Having produced stars like ABBA and Celine Dion, the contest has become ever more show-stopping over the years, with countries turning to everything from suggestive milkmaids and baking grannies to rapping astronauts and a man running in a hamster wheel to stand out.
With Eurovision Asia in the pipeline, there’s certainly a lot for Asian countries to live up to – and we’ve rounded up some of the most memorable Eurovision performances of all time as proof (and no, we won’t be playing Ja Ja Ding Dong!).
Hard Rock Hallelujah – Lordi, Finland
Did you know Finland has more heavy metal bands per capita than any other country in the world? Well, now you do. No Eurovision list is complete without Lordi, Finland’s head-banging winners from 2006, and the country’s first-ever Eurovision champions. These guys came to rock, and rocked hard, complete with thrashing guitars, ridiculous puns (kudos to “day of rockening”) and more crazy monster costumes than Lan Kwai Fong during Halloween.

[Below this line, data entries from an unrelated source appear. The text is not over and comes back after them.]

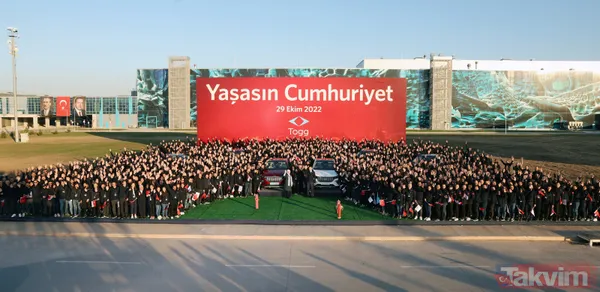 Başkan Erdoğan Togg'un direksiyonunda: Tekerine taş değmesin... Araç rengi için işaret ettiği Emine Erdoğan kararını verdi - 20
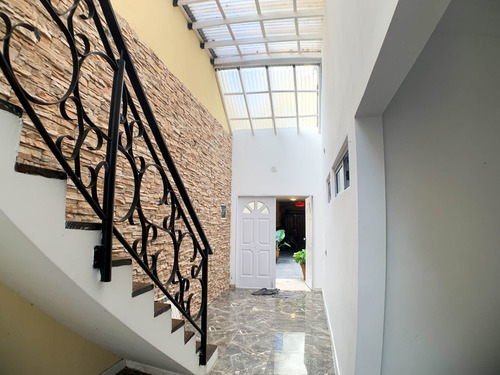 Imagen 3 de 30 de Venta Ph Tipo Casa Con Cochera Y Piscina Piñeyro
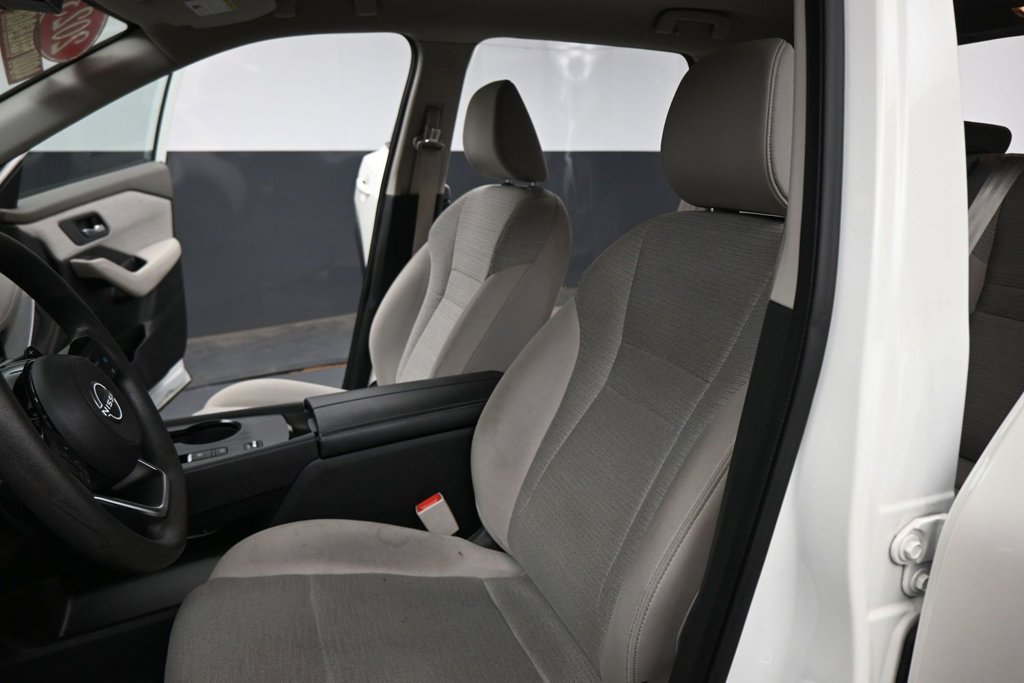 Used 2023 Nissan Rogue SV FWD image 11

Dancing Lasha Tumbai – Verka Serduchka, Ukraine
The birth of a legend… 2007’s runner-up Verka Serduchka might just be the most iconic Eurovision performance of them all. Picture a sequin-clad, bosom-patting drag queen beamed in from outer space, backed by wildly gyrating dancers sporting sprayed-on Bacofoil shorts, spouting lyrics that make little to no sense whatever language they’re in, all to a whirling accordion hook practically machine-designed to take up permanent residence in your brain, and you’re only half-way to experiencing the utter insanity that ensued. Now that you’ve heard it, prepare to find yourself chanting “Eins, zwei, drei!” at life’s most inopportune moments.

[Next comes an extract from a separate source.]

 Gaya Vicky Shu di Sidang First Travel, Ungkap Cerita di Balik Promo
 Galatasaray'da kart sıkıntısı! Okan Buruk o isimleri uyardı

Fuego – Eleni Foureira, Cyprus
Bringing the diva to our list is Eleni Foureira, rumoured to be the inspiration behind The Story Of Fire Saga’s Eurovision temptress Mita Xenakis. Featuring a barely-there outfit, expertly executed choreography, eyebrow-singeing levels of pyrotechnics and enough immaculate hair flips to make Beyoncé proud, Fuego came second in 2018.
Toy – Netta, Israel
Eleni was pipped to the post by Israel’s Netta, one of the contest’s more, ahem, eccentric entries. A blistering ode to female empowerment that features an array of weird clucking noises and dancers busting out more bonkers variations on the funky chicken than the entire Bluth family in Arrested Development, this may well be the only Eurovision song that namechecks both a Pokémon and Donald Trump in its madcap lyrics.
Rise Like A Phoenix – Conchita Wurst, Austria
Rocking a beard and skin-tight sparkly gown like it’s no big deal is Eurovision icon Conchita Wurst, who took the title in 2014. Channelling strong “Skyfall” by Adele vibes, epic ballad “Rise Like A Phoenix” is essentially the James Bond song that never was, complete with bombastic orchestration, super-dramatic staging and a killer smoky eye situation.
Euphoria – Loreen, Sweden
Loreen’s techno-dance rave from 2012 is one of the most-streamed Eurovision tracks of all time, and for good reason – it’s a stone-cold banger. Her unique look and dance moves (has her crab scuttle across stage been patented as a Fortnite move yet?) further cemented the clubtastic Euphoria as a Eurovision classic and, along with Netta and Conchita in this list, nabbed her a cameo in The Story Of Fire Saga’s incredible song-along scene; all together now… “Euphoria-a-a-a-a-aaaahhh”!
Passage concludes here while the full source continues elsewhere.